You can do a heck of a lot with $11 million. As we start to densify and go up, South Fraser Way for instance, I think today how it looks versus how it’ll look 20 years from now is going to be dramatically different. I think you’re going to see mid-rise condos there where you’ll have shops on the bottom floor and you’ll have, maybe on the second floor you might have professional offices, like lawyers and accountants an things like that, and then on the upper floors you’re going to have where people live, and I can see one day where there’ll be little restaurants for people to sit at, and sit out on the street on a beautiful day. I see it being a much different feel than it is currently. I see it with perhaps a trolley going up and down the middle of the street.

And the model for this is what people have been talking to you about, or things you’ve seen in other cities?

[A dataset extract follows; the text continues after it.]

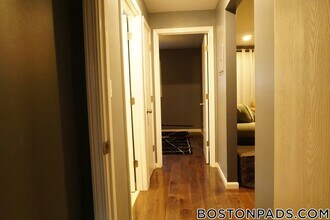 5455 N Main St in Fall River, MA - Building Photo - Building Photo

Things I’ve seen in other cities. Denver, I think it’s — might be Denver, Colorado where they’ve done something very similar to that. We’ve also got to remember that we’re only 145,000 people. We’ve got some growing to do. But the good news is that we’re going to continue to densify on our urban core and along our urban streets, and I predict it won’t be that much longer and it’ll be a far more livable, walkable city than it currently is. Take a look at Vancouver, take a look at what happened in Yaletown for instance — that used to be all factories. Vancouver, my great-great-granddaddy was [among] the first settlers there. It was all trees 150 years ago. So that’s what happened to Vancouver in 150 years. It’s not a really long time in the overall scheme of things. I see us in the next 50 years being a much more vibrant metropolitan area.

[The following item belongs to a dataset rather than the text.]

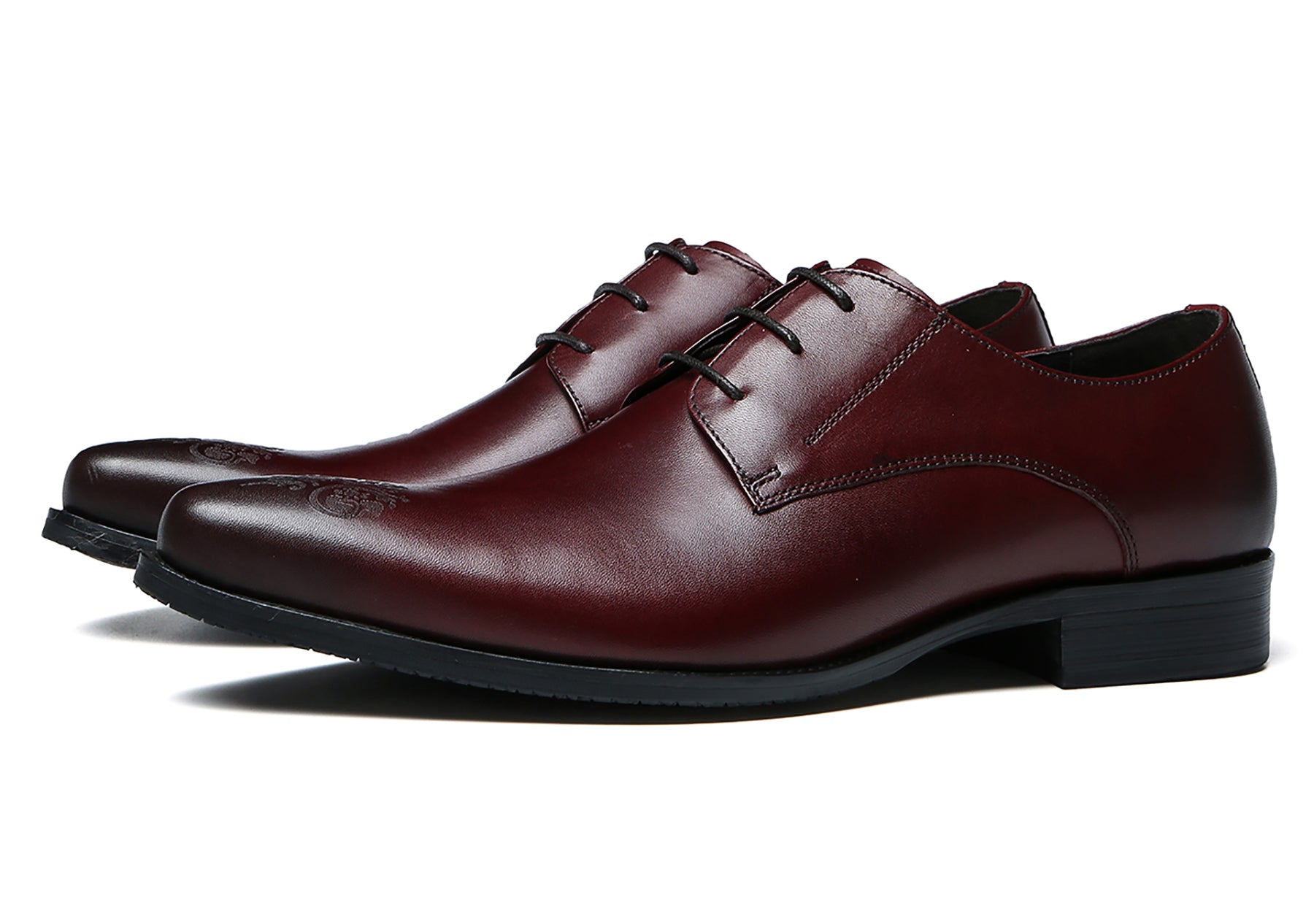 Derby de cuero cómodo Brogues para hombre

What kind of communication will you try to have with the police department?

We have a great communication now with the police department. I meet with the police chief on a regular basis. We have, I think, one of the most responsive police departments in British Columbia, if not in Canada. They’re goal task-oriented, so they actually believe they can zero in on a certain type of crime and lower it, and they’ve proved that they can. Actually, New York was the first place to do that. There’s two thoughts on crime. One is that crime is always just going to happen, there’s nothing you can do about it. No matter how many police officers you throw at it, you’re not going to affect the crime rate. New York and Abbotsford and other cities have proven that you can actually make a huge difference in crime if you focus on it. So communication is the easiest thing in the world to start. It’s also the most difficult to continue. So it’s something you constantly have to strive at to work at.

How will you manage the wishes of the province or private companies vs. the desires of the public?

Well, first off, just because you hear things coming from the public doesn’t mean that that’s what the silent majority think. That’s the tricky part in politics, is figuring out if this is what the public really thinks, or whether you just have some really vocal outspoken few that are just creating a bunch of noise. I’m not saying in this case it’d be either way, but that’s the first thing you have to try and sort out: is this a real concern, or is this just a special interest group that’s just really good at making a lot of noise? And then I think you, as I have done, is you have to take and balance what the current needs are, and I will vote for jobs almost every time. You need a tax base in order to pay for the very services that people think we need to pay. In that case, we have found a solution to that, and sometimes you have to wait for the right solution, so I think rather than jumping at the quick fix because you have to. Man, every time I’ve made a lousy decision in my life it’s when I’ve felt as if I was being pressured and had no time to think about it, time and time again.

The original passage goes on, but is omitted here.